CARAPANDANG - Anggota Komisi III DPR RI Martin Tumbelaka mengingatkan agar penandatanganan nota kesepahaman (Memorandum of Understanding/MoU) antara Kejaksaan Agung (Kejagung) dengan empat provider telekomunikasi tentang mekanisme penyadapan untuk penegakan hukum, harus dilakukan dengan pengawasan ketat.
Salah satu yang ia tekankan adalah terkait dengan perlindungan hak privasi. Pasalnya, dia mengatakan bahwa penyadapan harus benar-benar terbatas pada kasus-kasus pidana berat dan korupsi melalui proses perizinan yang jelas, untuk memastikan tidak terjadi penyadapan sewenang-wenang.
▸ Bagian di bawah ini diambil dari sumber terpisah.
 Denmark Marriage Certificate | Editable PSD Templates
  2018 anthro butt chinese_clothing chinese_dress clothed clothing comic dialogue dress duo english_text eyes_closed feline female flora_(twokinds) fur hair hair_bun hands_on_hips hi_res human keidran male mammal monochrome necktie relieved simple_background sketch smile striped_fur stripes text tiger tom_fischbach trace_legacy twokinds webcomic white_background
"Kerja sama ini harus dibarengi dengan mekanisme pengawasan yang ketat untuk mencegah penyalahgunaan wewenang dan tuduhan berbagai pihak terkait privasi data warga negara," kata Martin di Jakarta, Sabtu (28/6/2025).
"Tetapi kita tahu kondisi kejahatan era sekarang itu terutama pencucian uang dan pelacakan buronan itu sangat dinamis. Sementara, penegak hukum kita berkejaran agar pelaku tidak membawa kabur uang negara," kata Politisi Fraksi Partai Gerindra ini.
Dia mengatakan Kejagung perlu menjaga akuntabilitas prosedural. MoU itu, kata dia, perlu menjelaskan secara rinci prosedur penyadapan, termasuk mekanisme pelaporan dan evaluasi "Transparansi adalah kunci untuk menjaga kepercayaan publik," kata dia.
Martin pun mendorong adanya sinergi antara Kejagung dengan Komnas HAM dan Komisi Informasi untuk memastikan keseimbangan antara kebutuhan penegakan hukum dan perlindungan hak sipil.